Among 16 cases of PAVFs treated by endovascular embolization, four developed de novo dural arteriovenous fistulas during treatment or on follow-up that were not present before treatment. Information was collected from the clinical case records, imaging by MRI on presentation and during follow-up, all angiographic images and records during each of the procedures and during follow-up.
The time interval between the last embolization and identification of a dural fistula ranged from 3 to 14 months. Ten fistulas were identified in four patients, seven of which were embolized, four with glue, two with Onyx18 and one with absolute alcohol. None recanalized, while one patient developed fistula in an adjacent location that was subsequently treated with radiosurgery. Not all fistulas need treatment; small fistulas with a minimal flow can safely be observed.
De novo dural fistulas following endovascular embolization of high-flow PAVFs is not an uncommon development. They are mostly asymptomatic and develop anywhere along the drainage of the fistula, maturing over time and diagnosed during follow-up studies, emphasizing the need for follow-up angiography. They can be effectively treated by endovascular embolization. Localized refractory dural fistulas can be dealt with by radiosurgery 1).
A possible role of local tissue hypoxia as the initial step causing neoangiogenesis and a low degree of endothelial proliferation in DAVFs. Such hypoxia might be caused by venous hypertension or venous thrombosis 2).
Remote dAVFs can develop after transarterial embolization and may shed light on the etiology of this occurrence.
Although the etiology remains unclear, it is important to recognize that such lesions can develop so that patients can be managed and followed appropriately following endovascular treatment 3).

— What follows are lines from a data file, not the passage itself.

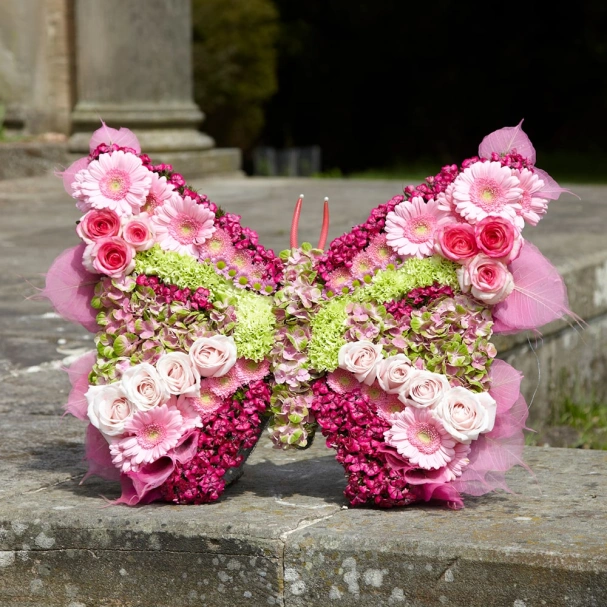 butterfly-tribute-with-pink-roses-and-green-chrysanthemums-1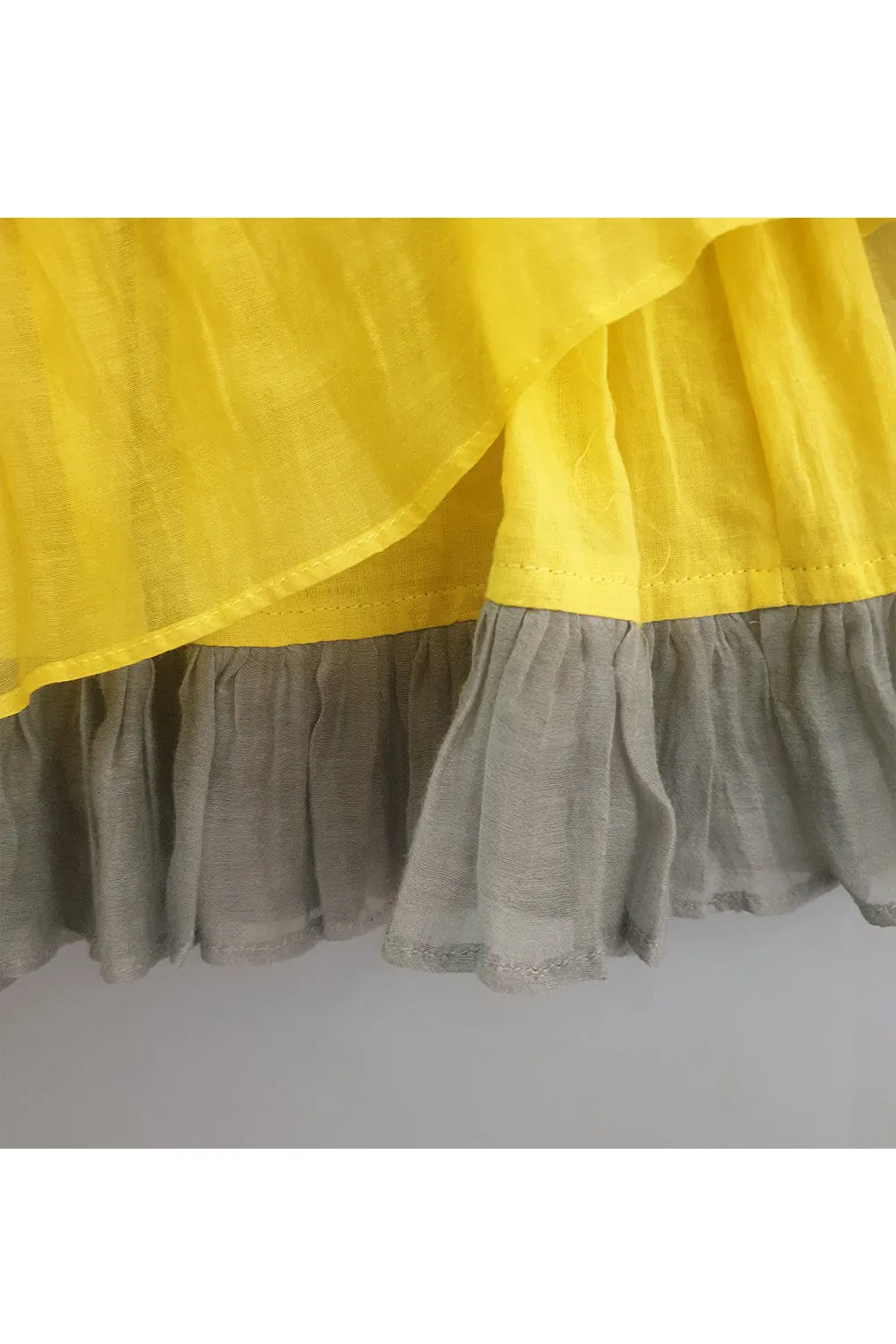 Yellow embroidered ruffled and layered dress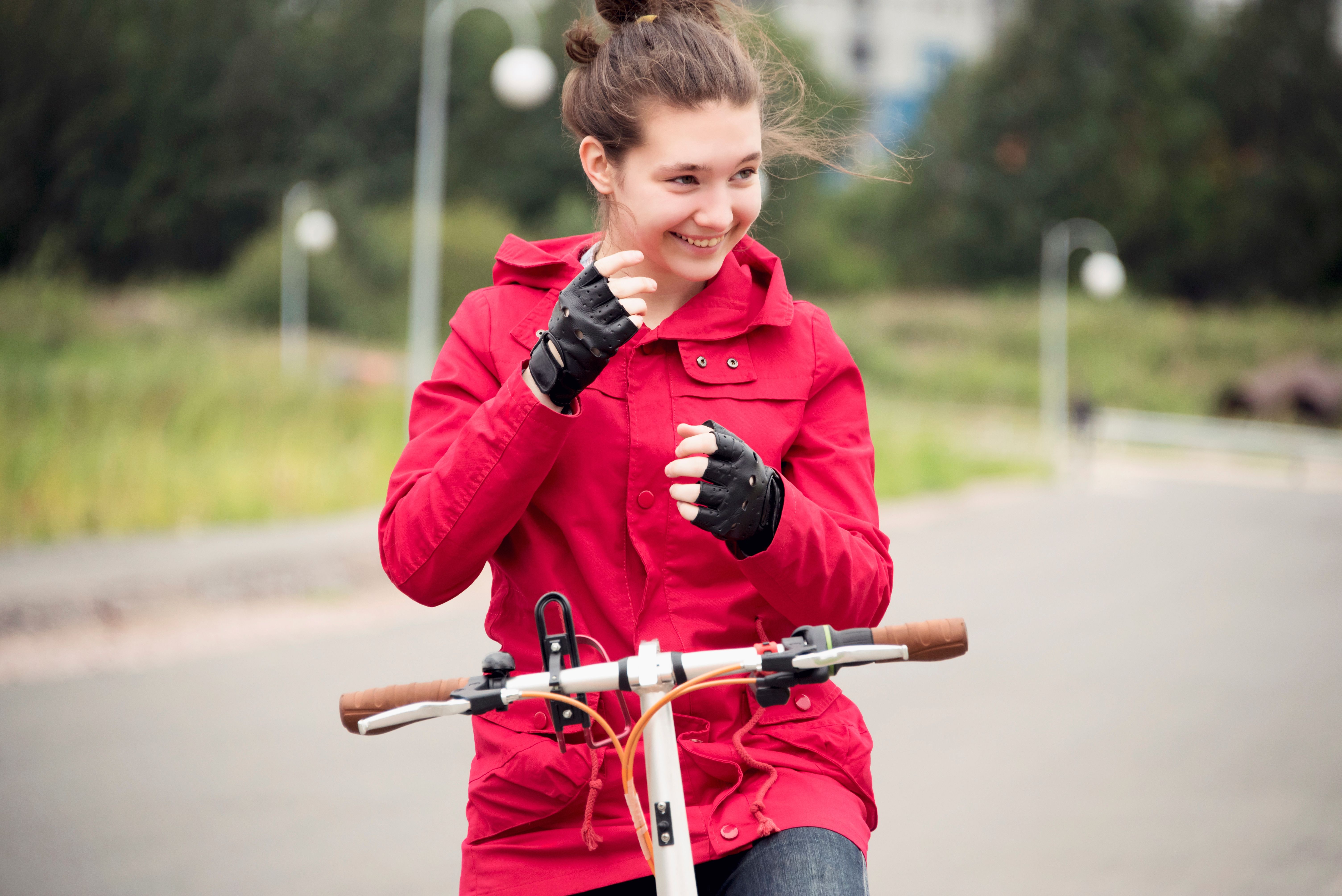 A smiling woman in a red shirt and gloves riding a bike with trees and lampposts in the background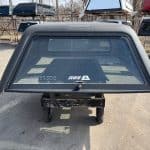 Gray GMC 1500 truck cap with window for DEMO 14-19 GMC 1500.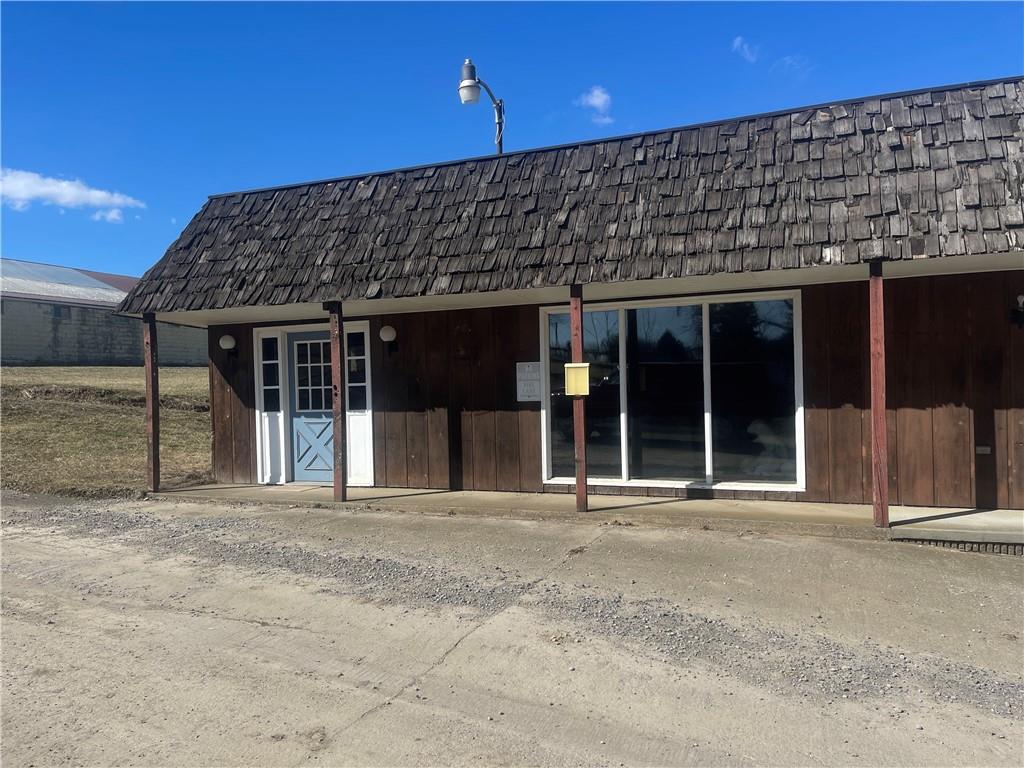 a front view of a building with glass windows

Several theories have been proposed. One theory is that manipulation of the venous anatomy with microcatheters may injure the veins, leading to sinus thrombosis, venous obstruction, and subsequent development of a dAVF
A second possibility is that the architecture of the dAVF was present before treatment but was not visible at the time of angiography 4).
A third possibility is that the initial embolization resulted in venous turbulence through the sinus, thereby initiating thrombosis that lead to the development of an AVF as the thrombus was recanalized 5).